All the specs for our test PCs can be seen in the boxout. We have 32GB (2x16GB) of memory for all four PCs, with DDR4-3600 RAM in the 8700K and 11900K, DDR5-5600 XMP for the 13900K, and DDR5-6000 EXPO for the 7800X3D. We used a Crucial 4TB T700 drive, since that's large enough to comfortably hold our gaming test suite, though the oldest platform we tested only ran the drive at PCIe 3.0 speeds, and the 11900K has a PCIe 4.0 interface.

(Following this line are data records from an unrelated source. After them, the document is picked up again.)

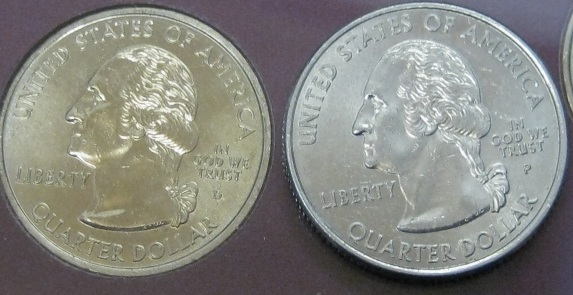 G.w.-State-Quarters-With-Gold-Tone---Not-Plated!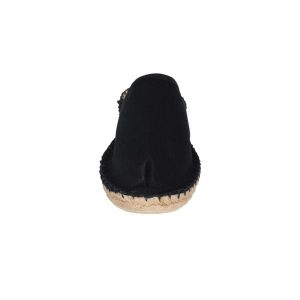 Espadryle Kariban. Czarne espadryle KARIBAN, bez wzorów, z bawełny, bez obcasa. Za 195,50 zł.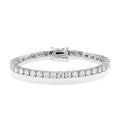 4MM Moissanite Tennis Bracelet in Solid 925 Silver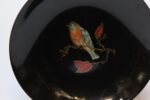 Mid-Century Black Resin Inlaid "Robin" Plate by Couroc - Image 4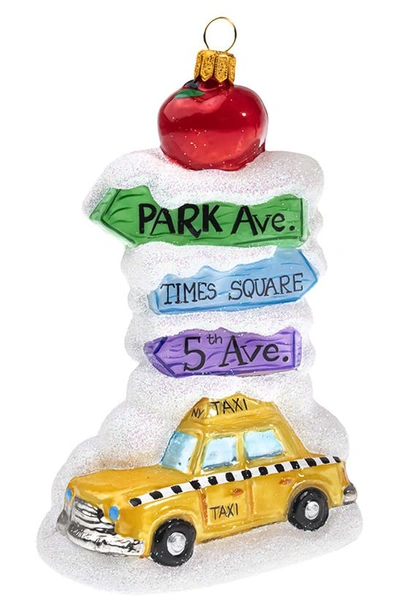 Joy To The World Collectibles New York Signs Ornament In White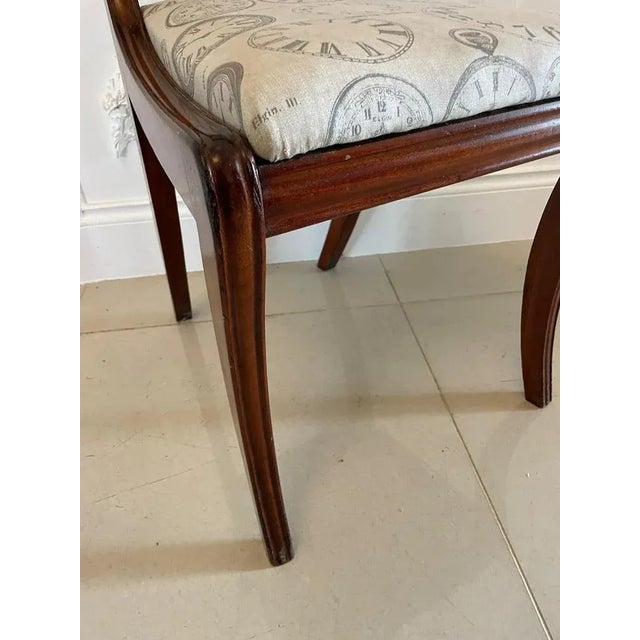 Regency Mahogany Dining Chairs, 1820s, Set of 4 For Sale - Image 10 of 12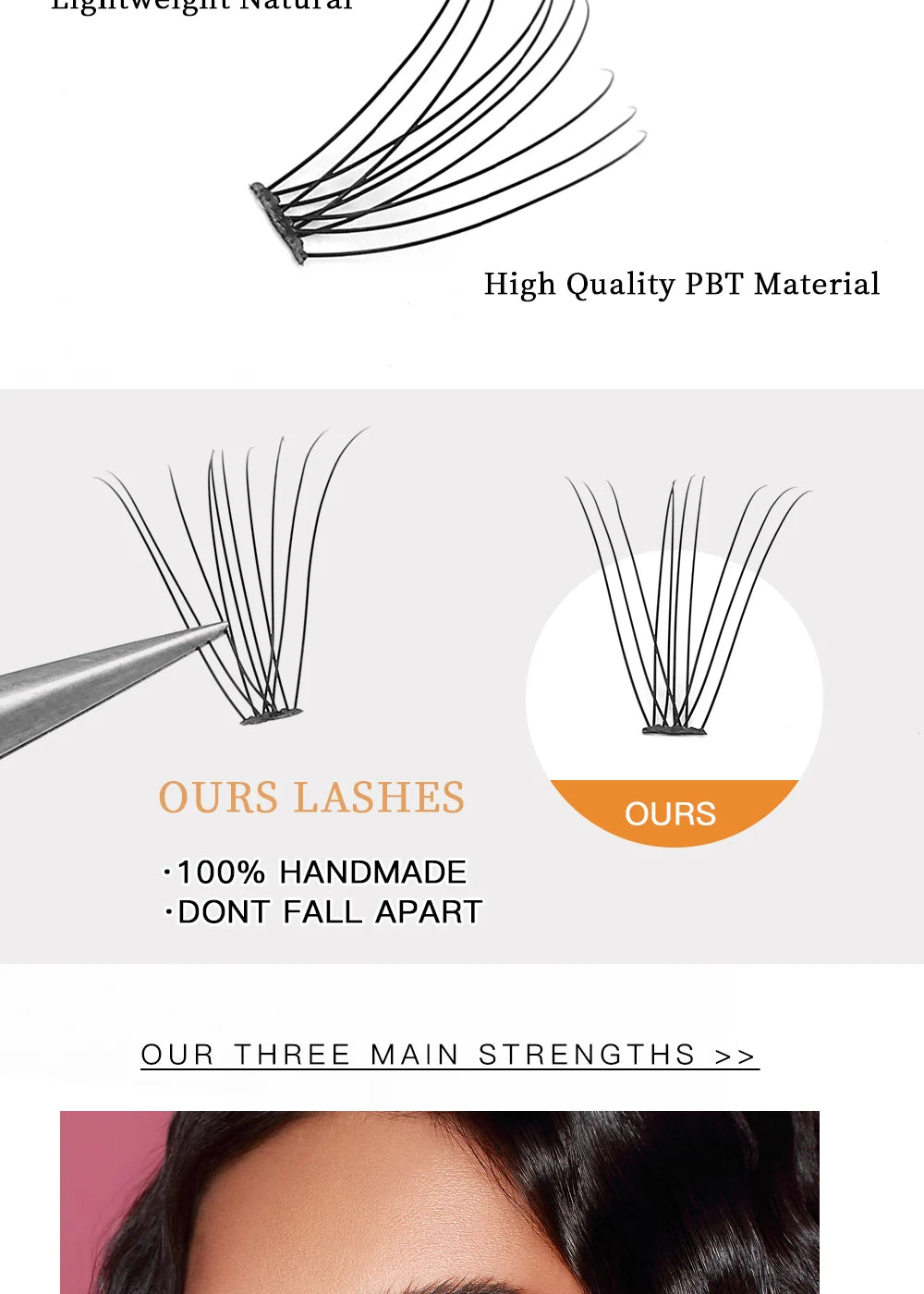 Russian Eyelash Extensions, Individual Lashes, 14 Rows, 10D, 20D, 30D, 40D, 14 Rows, 9-16mm, Natural Thick, New, 280 Pcs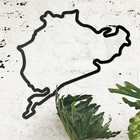 Nürburgring Circuit Steel Wall Art - Track Only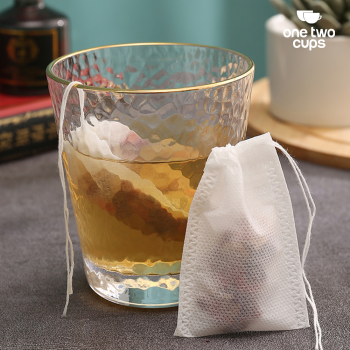Gambar produk One Two Cups Kantong Filter Saringan Teh Tea Bag Disposable 100 PCS 5.5x7cm - M100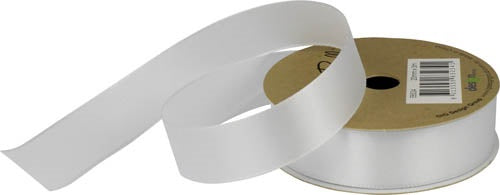 RIBBON SATIN 20MM X 3M WHITE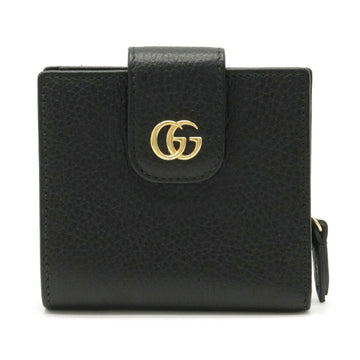 Gucci Petit Marmont GG Bi-Fold Wallet Leather Black 523193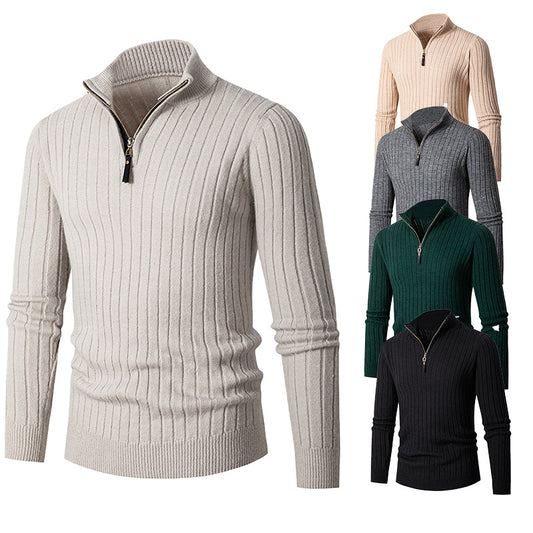 Men's Quarter-Zip Semi Formal Sweater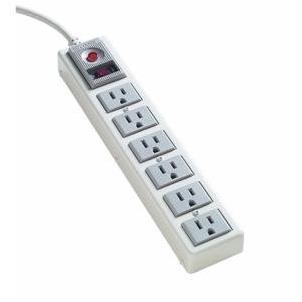 Do it Best 6-Outlet 750J Gray Metal Surge Protector Strip with 3 Ft. Cord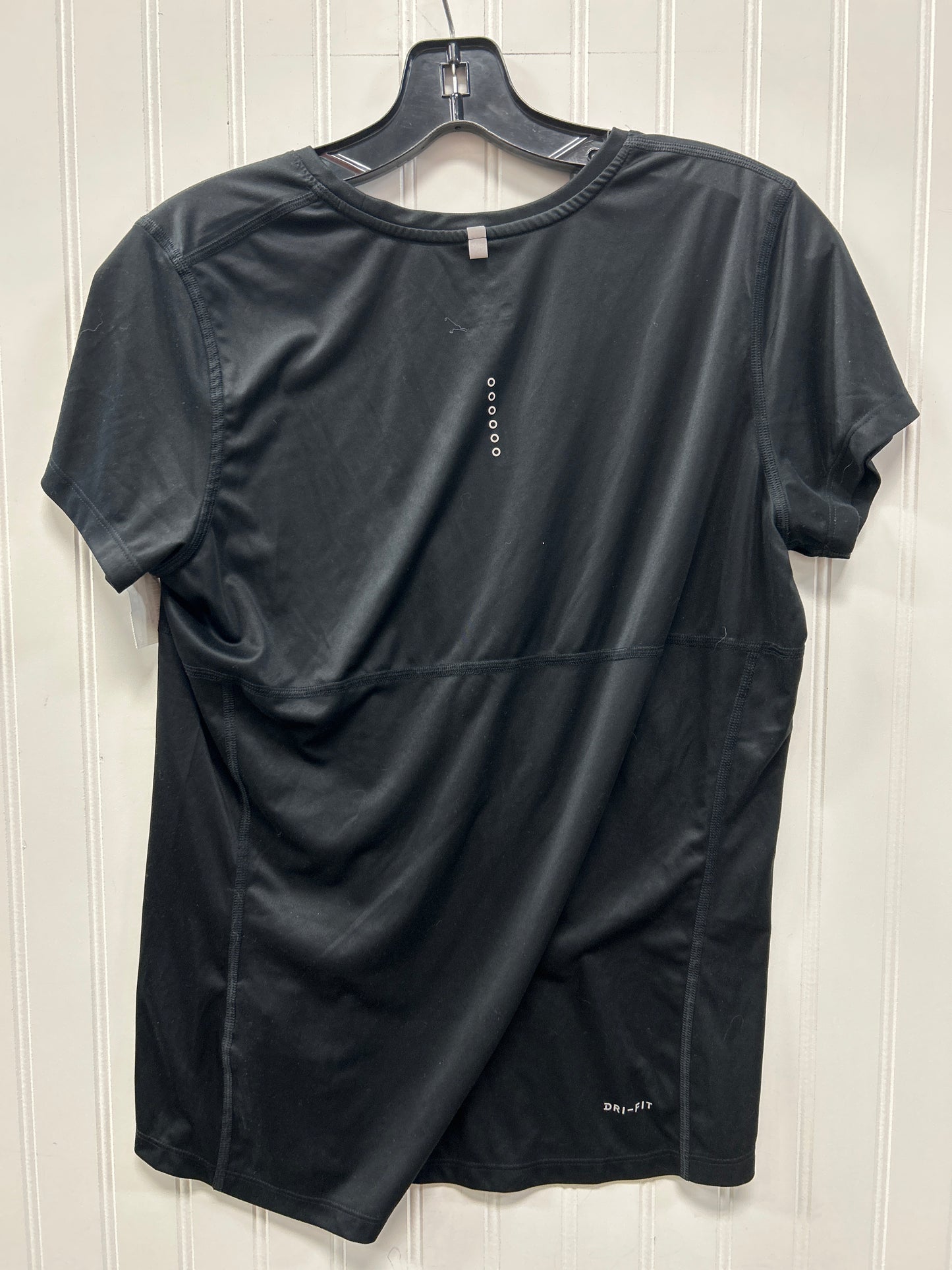 Athletic Top Ss By Nike Apparel In Black, Size:L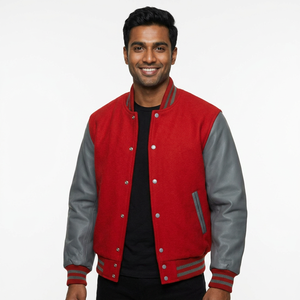 Hot Sale Custom Design Printing Long Sleeve <b>Men's</b> <b>Baseball</b> <b>Jacket</b> <b>Men</b> Plain CollegeBaseballjacket <b>for</b> <b>men</b> - Product Image 1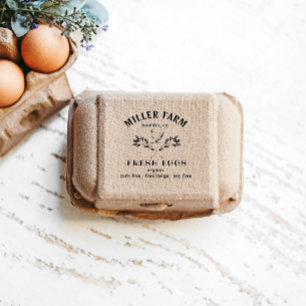 happy hens laurel branch egg carton stamp
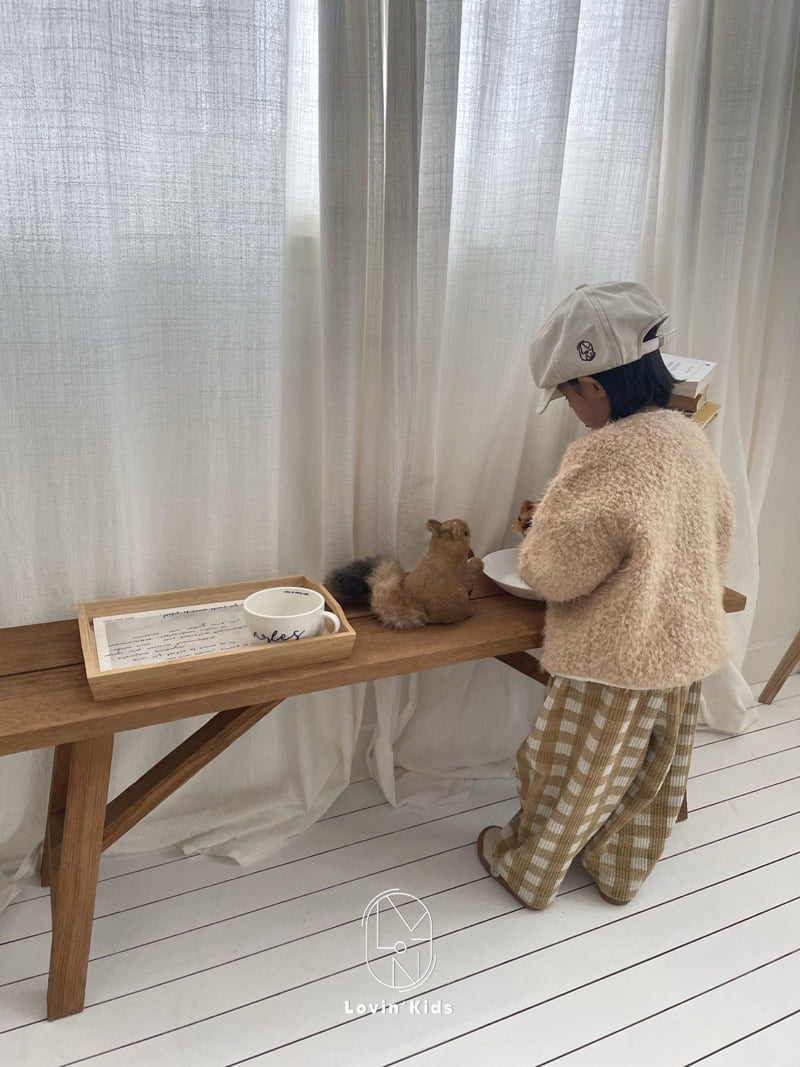 Lovin - Korean Baby Fashion - #babyootd - Mochi Check Pants - 6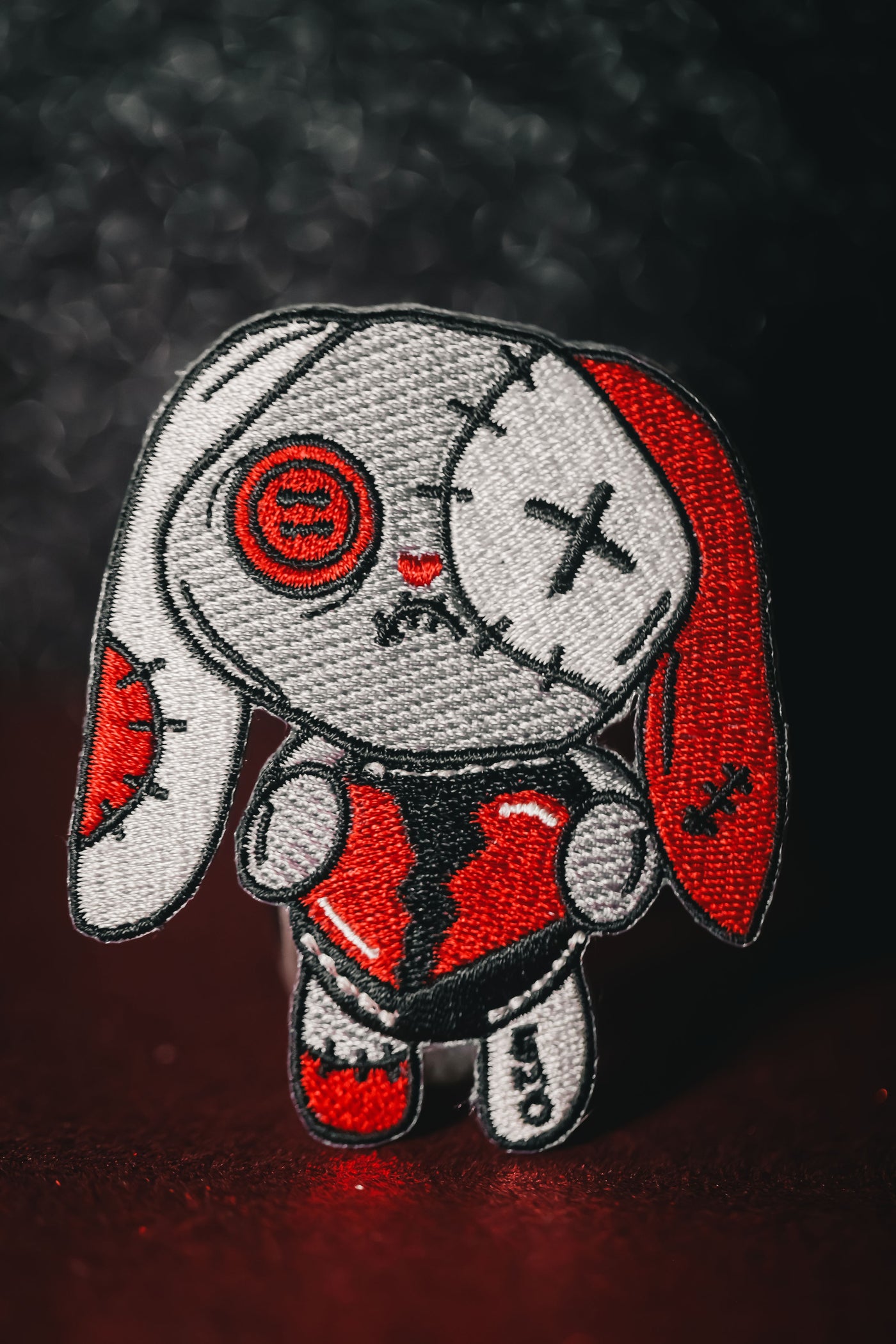 Emo Bunny - Iron On Patch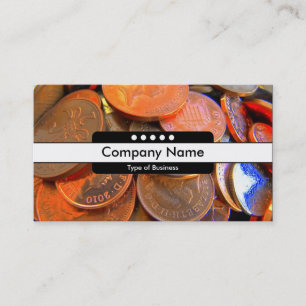 Centre Band 5 Spots Business Card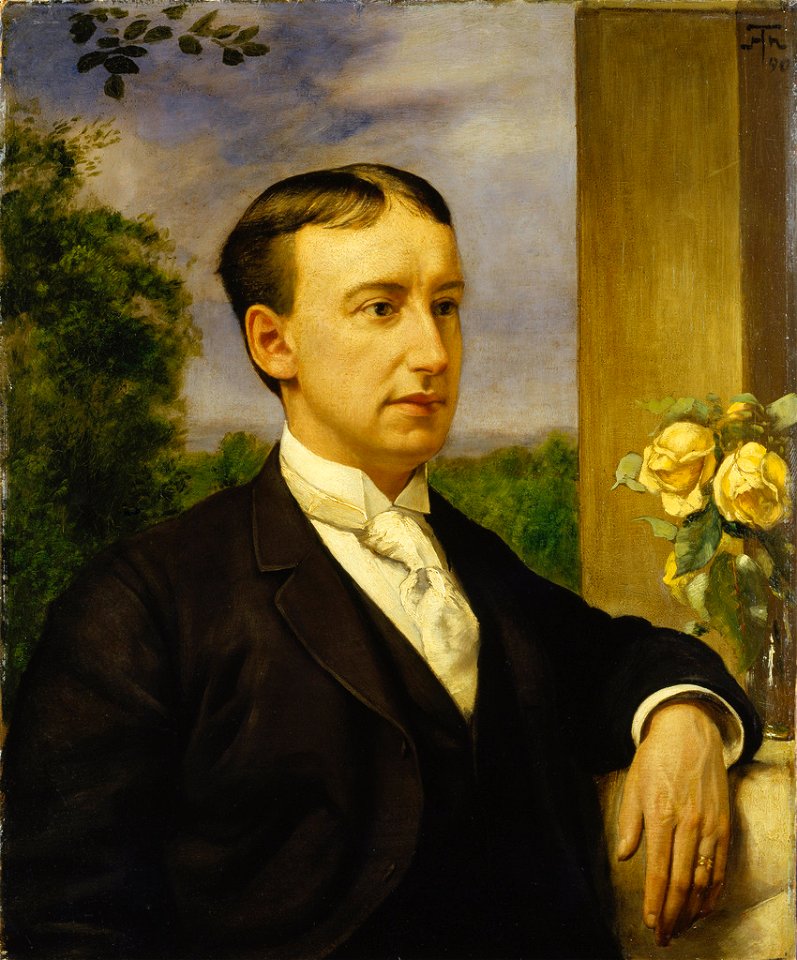 Hans Thoma - Bildnis Henry Thode (1890)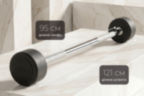 Штанга неразборная обрезиненная 45 кг. Прямой гриф. VictoryFit VF-DX4450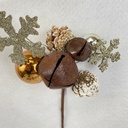 7&quot; BELL AND GOLD BALL PICK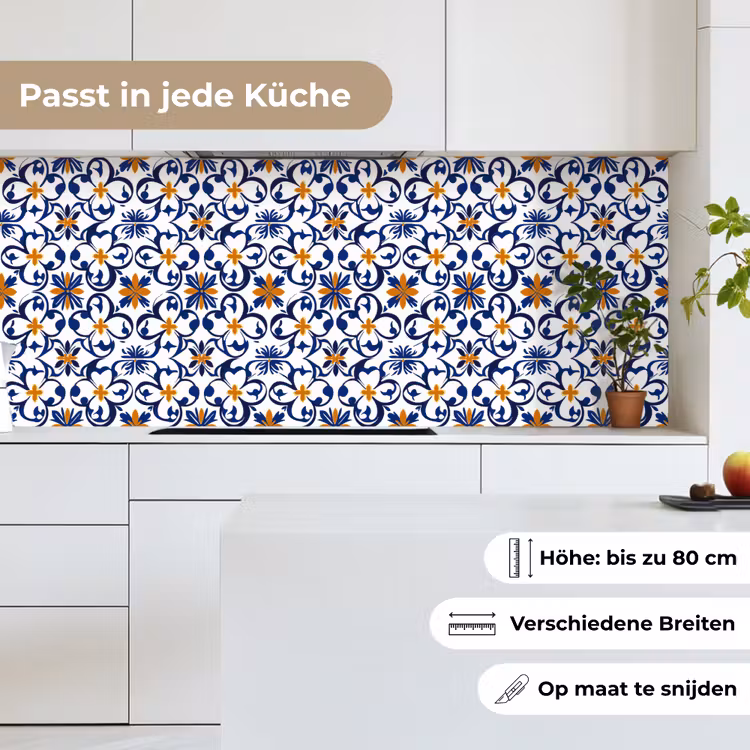Patroon - Modern - Kleurrijk keuken achterwand 2 middel 871 -sfeer4_DE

Our test GPUs consist of Nvidia cards, to keep things consistent — all support DLSS and use the same 555.85 drivers (except for The Last of Us, Part 1 which was tested with 552.44 drivers due to a bug in the 555 drivers that prevented the game from running on 8GB cards). All four GPUs have all been among the best graphics cards at some point in the past six years, though only the RTX 4080 Super (a proxy for the 4080) currently ranks on our list.

Note that we're using the original RTX 4080, but if you're actually in the market for such a GPU, you're better off getting the 4080 Super variant simply because it's more financially viable — it costs $200 less than the vanilla RTX 4080 that launched in 2022, and it's basically the same performance (within 3%). The RTX 3080 (10GB) was Nvidia's second-fastest 30-series card when it launched, and the same goes for the RTX 2080. Both were later displaced by the 2080 Super and 3080 Ti, but we're sticking to the initial GPUs rather than the mid-cycle refreshes. We also added the RTX 3050 8GB (not the new 3050 6GB variant) to show how things change with what is basically the slowest desktop RTX card — it's slightly slower than even the RTX 2060, though some games now prefer the 8GB of VRAM of the 3050.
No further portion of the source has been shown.